Seu principal papel é o de determinar o conteúdo da função social da cidade como estabelece a
CF/88, em seu artigo 182, conforme segue:
Art. 182. A política de desenvolvimento urbano, executada pelo Poder Público municipal, conforme diretrizes gerais
fixadas em lei, tem por objetivo ordenar o pleno desenvolvimento das funções sociais da cidade e garantir o bem-estar
de seus habitantes.
De forma mais detalhada, o Estatuto da Cidade, em seu artigo 42, determina os conteúdos mínimos que devem estar presentes nas legislações referentes ao plano diretor:
Art. 42. O Plano Diretor deve conter no mínimo:
I - a delimitação das áreas urbanas onde poderá ser aplicado o parcelamento, edificação ou utilização compulsórios,
considerando a existência de infraestrutura e de demanda para utilização, na forma do art. 5.º desta Lei;
II - disposições requeridas pelos arts. 25, 28, 29, 32 e 35 desta Lei;
III - sistema de acompanhamento e controle.
Os artigos referidos no inciso II, do artigo 42, determinam que os planos diretores deverão definir
no mínimo os parâmetros, localização e forma de utilização dos instrumentos referentes ao direito de
preempção, da outorga onerosa do direito de construir, das operações urbanas consorciadas e da transferência do direito de construir.
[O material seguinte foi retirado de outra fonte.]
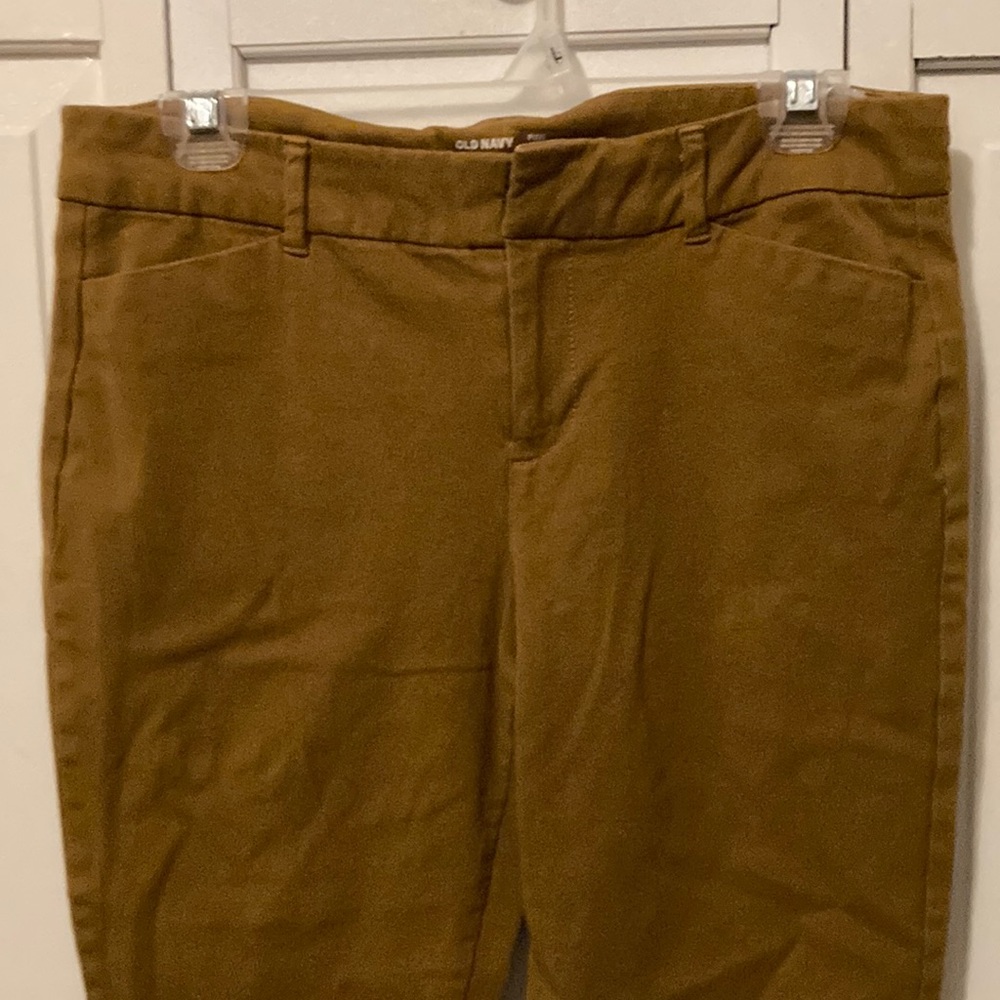 Old Navy Pixie size 6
Como lembra Saule Junior (2002, p. 99), sobre as cidades com mais de 500 mil habitantes no que
diz respeito ao transporte urbano.
O município neste caso em decorrência da obrigatoriedade pode instituir um plano de transporte urbano próprio mediante uma lei municipal específica ou pode estabelecer o plano como uma parte integrante do plano diretor.
[...]
O critério da densidade populacional que gera a obrigatoriedade do plano de transporte urbano integrado, deve ser
aplicado para gerar a obrigatoriedade do transporte urbano ser tratado de forma articulada e integradas pelos Municípios agrupados nas regiões metropolitanas e aglomerações urbanas em seus planos diretores.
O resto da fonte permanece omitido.